Today is the 2nd day with this configuration and it's also the 2nd day in a row I've been "blown away" by the sound quality. I'll admit I've had a few first impression "wow" experiences that turned out to be flukes or non-repeatable. However, every time my first AND second impressions have been in sync, they've held up in the long term. Regardless, I'm very familiar with the way my rig sounded before the last 2-3 weeks of changes, and this is a quantum leap better than that. It really does sound just like my friend's previous system, which was what caused me to fall in love with these speakers in the first place (I bought them from him when he upgraded to Thiel CS7.2). He had a dedicated 2ch room with moderate treatments and about $20,000 of electronics, FYI. For the longest time I was bitterly disappointed since they didn't sound anything like that once plopped into my living room. Most audiophile forums would point their fingers directly at the electronics disparity - while I still believe that was part of the problem (started out with an amp I outright _hated_), I also believe the room setup and placements played a larger role than they'd like to admit.
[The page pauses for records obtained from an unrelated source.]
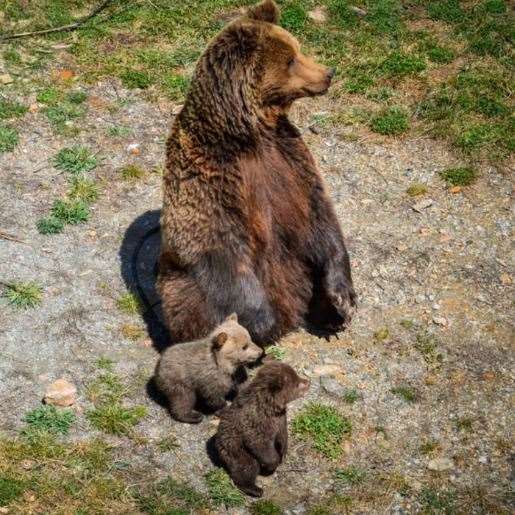 The charity is appealing for the funds to help it rehome a family of bears from Andorra. Picture: Aspinall Foundation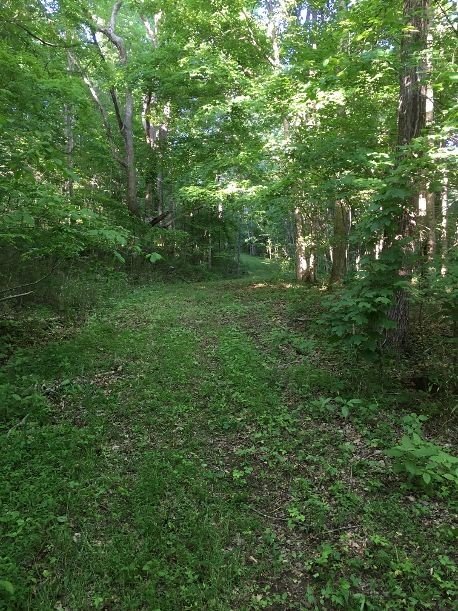 Gravely Hill Rd, Bethpage, TN  37022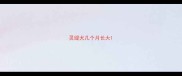 灵缇犬几个月长大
Now all the wonderful memories of that sound are finally coming back  I'm excited 

I just picked up a Nikon D40, so I hope to have some nice pics up in a day or 2.


----------



## mulveling (Feb 14, 2007)

The system has been sounding so _great_ that I've become inspired to see if I can take things even further along.
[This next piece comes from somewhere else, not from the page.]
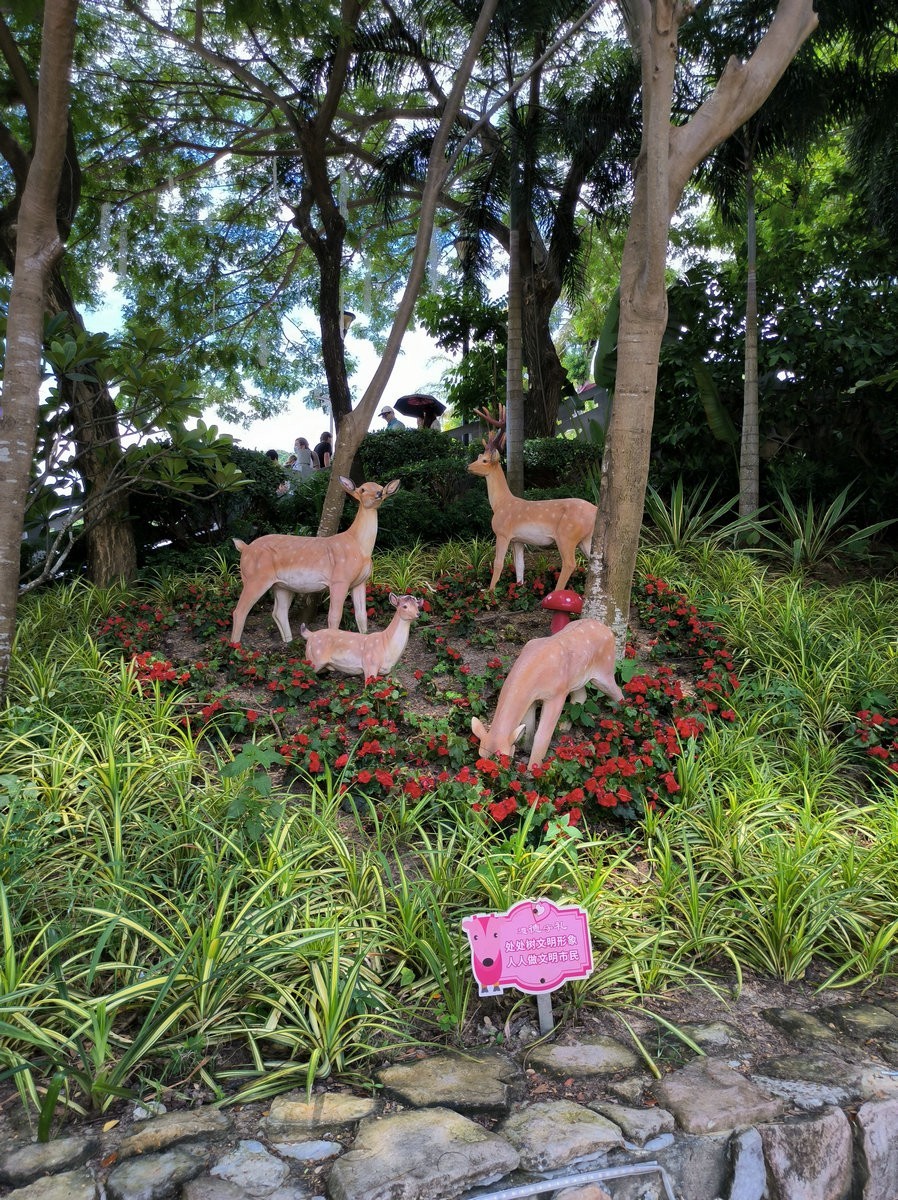 2024夏 海南环岛行（103）鹿女回头处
The 244's arrived and have been placed behind each speaker; the 242's are now dedicated to the sidewall 1st reflection points. I also just received 8 more LENRDs (the burgundy looks much better than charcoal IMO), 6 of which I plan to velcro up spanning the ceiling/wall junction directly behind the speakers. I have another pair of GIK tri-traps on order; of course these will be stacked up on the pair I already have to nearly reach the ceiling (8' out of a 9' ceiling). Taking full advantage of my non-married status here 

Another electronics upgrade is also in the works: I've secured a sweet deal on a pair of Parasound Halo JC-1 monoblocks from a local friend  He's the one I bought the Legacy speakers from, and the synergy between the Legacy/JC1 pairing was _insane_.

When things settle down around here I'll probably do a batch of REW measurements and snap some pics. If things work out well, in the future I might consider treating the 1st reflection points on the ceiling and also the back wall/ceiling junction above the kitchen. Dealing with acoustics issues has been fun; I feel like I'm getting a huge leg up on the audiophiles with deeper pockets and more expensive gear matched to poor rooms!


----------



## allredp (Feb 7, 2007)

Pics, por favor! There's nothing like _seeing!_ :bigsmile: 

I know you're busy, but I'm really thinking of WAF on my end...

Thanks for the thread and insights from your experience. 

BTW, about how much $$ are you into the acoustic treatments so far?

-- Phil


----------